Adding some more information to fkraiem's answer:
The encryption in the Rabin cryptsystem is basically textbook RSA with an exponent of $2$.
1) Neither p nor q are equal to 2. This means they are odd. The product of (p−1)(q−1) would be even i.e. not coprime with 2.
Well, yes. That is one of the basic problems in Rabin's cryptosystem. If we want that
is a bijection, $e$ has to be coprime to the order of the multiplicative group. In your scenarios you realized, for normal RSA-moduli this is not true for $e=2$(and $N=2\cdot p$, with $p$ prime, is quite useless cryptographically).
Soo... why are there 4 square roots then? Let's look at the square roots of $1$ for simplicity. Now we could have the following solutions:
$$x_1 = 1 \mod p; x_1=1 \mod q$$
$$x_2 = 1 \mod p; x_2=-1 \mod q$$
$$x_3 = -1 \mod p; x_3=1 \mod q$$
$$x_4 = -1 \mod p; x_4=-1 \mod q$$
With the help of the Chinese Remainder Theorem we can calculate those four solutions mod $N=pq$. For arbitrary elements, this works pretty much the same: Calculate the roots in both $\mod p$ and $\mod q$, then combine the result. And this is the decryption in Rabin.
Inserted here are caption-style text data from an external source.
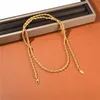 Brass Gold-Plated Fried Dough Twist Necklace Rope Design Gold Twisted Long Sweater Chain Fashion All-Match Jewelry Accessories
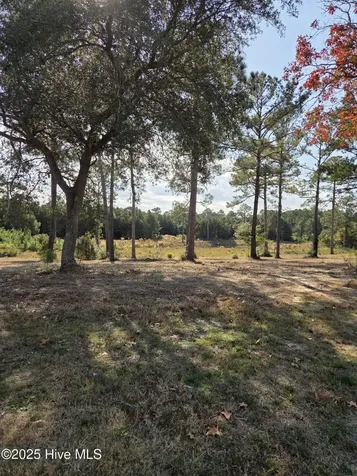 7501 Wallace Place SW Sunset Beach NC 28468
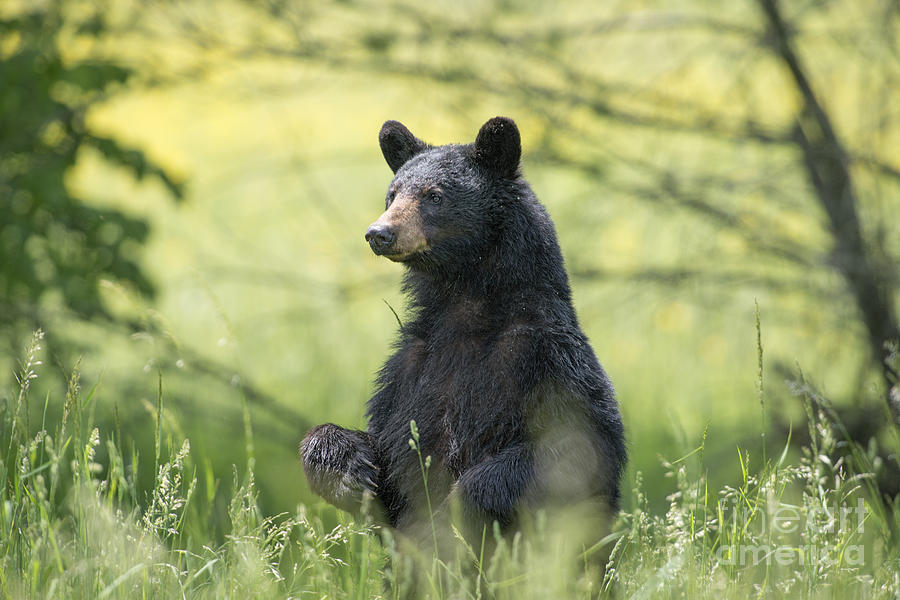 Black bear standing tall Photograph by Dan Friend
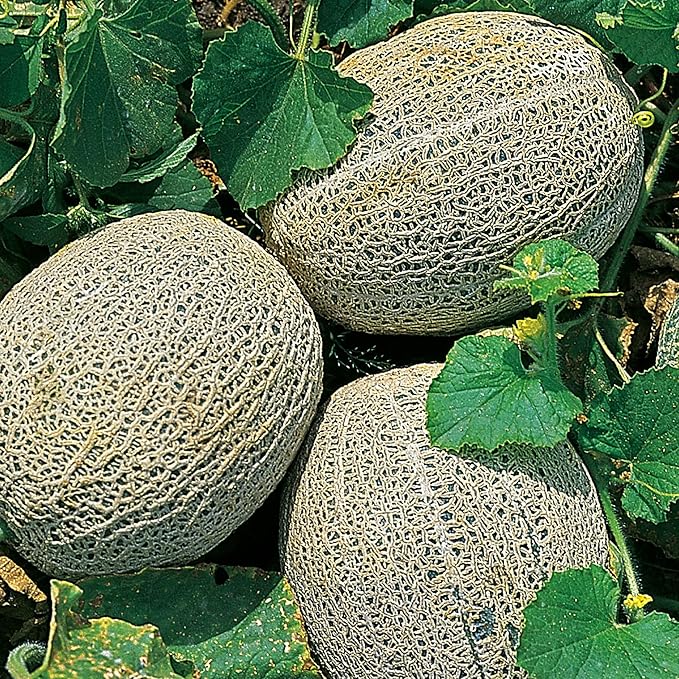 Burpee Heirloom Hale's Best Jumbo Cantaloupe Seeds - Sweet, Aromatic Melon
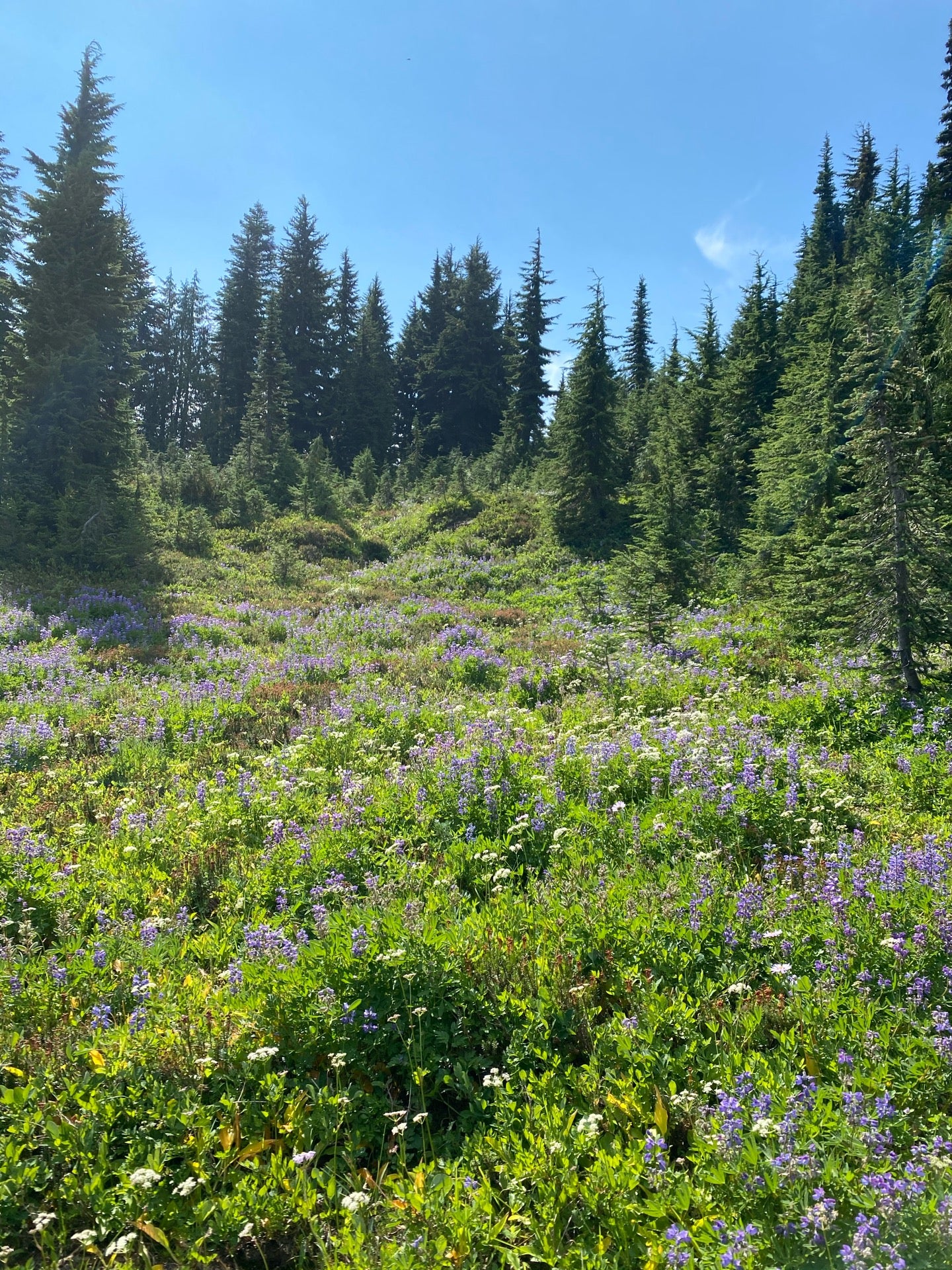 Tolmie Peak Trailhead, Mowich Lake, Ashford, WA, Trail MapQuest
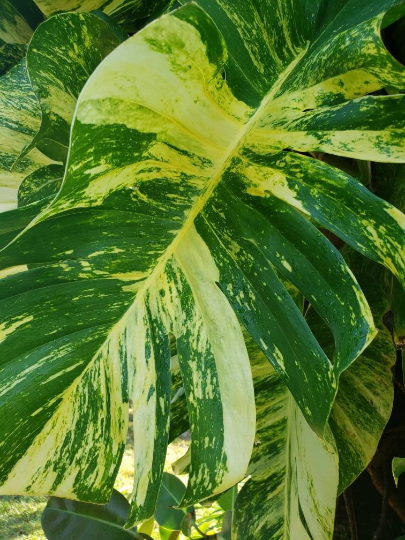 Golden Queen Hawaiian Pothos Vine Cutting - Rare GIANT Variegated  Fenestrated | eBay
So with $e=2$ we get 4 possible roots. But the choice which root was the correct one has to be done outside the encryption scheme.
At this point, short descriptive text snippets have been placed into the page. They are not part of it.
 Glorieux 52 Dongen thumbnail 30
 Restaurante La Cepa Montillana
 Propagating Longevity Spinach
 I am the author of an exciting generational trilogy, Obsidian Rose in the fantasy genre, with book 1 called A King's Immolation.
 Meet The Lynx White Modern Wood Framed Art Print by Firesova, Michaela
As a final note, there is a crucial difference between RSA and Rabin, when it comes to security property:
- If you have a decryption oracle, then the result of the Rabin decryption (even if it just outputs one of the roots every time), reveal the integer factorization. How to do this: Pick a random number, square it and give it to the oracle. The oracle can't know which of the roots you started with and will return a random root. In 1/2 of the cases this reveals the factorization.
- This means, that breaking Rabin is actually equivalent to factorization (unknown for RSA). Thus making it "stronger".
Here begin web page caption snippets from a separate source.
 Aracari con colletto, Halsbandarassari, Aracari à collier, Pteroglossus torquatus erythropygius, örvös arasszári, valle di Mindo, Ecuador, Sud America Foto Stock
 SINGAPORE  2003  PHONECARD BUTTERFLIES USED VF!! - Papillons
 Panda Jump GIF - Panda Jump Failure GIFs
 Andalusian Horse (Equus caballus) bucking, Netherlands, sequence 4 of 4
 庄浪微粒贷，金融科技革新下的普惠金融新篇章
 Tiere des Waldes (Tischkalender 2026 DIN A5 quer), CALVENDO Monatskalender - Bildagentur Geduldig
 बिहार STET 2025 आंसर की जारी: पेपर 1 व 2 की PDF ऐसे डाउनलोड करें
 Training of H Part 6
- On the other hand, a decryption oracle for RSA does not reveal the factorization (as far as we know yet).
- For IND-CPA security, Rabin as well as plain RSA are insecure. However, with a proper padding scheme RSA can be made IND-CPA. For Rabin we can apply adaptions (e.g. redundancy or error detection codes), but so far it is unknown if those are CPA secure.
As a final note for RSA: Knowing both $e$ and $d$ is deterministic polynomial to factorization. What is unknown: Can a decryption oracle (with $d$ fixed) help you find $d$ in polynomial time (or equivalent information, e.g. a nontrivial root of $1$, a zero divisor, etc.)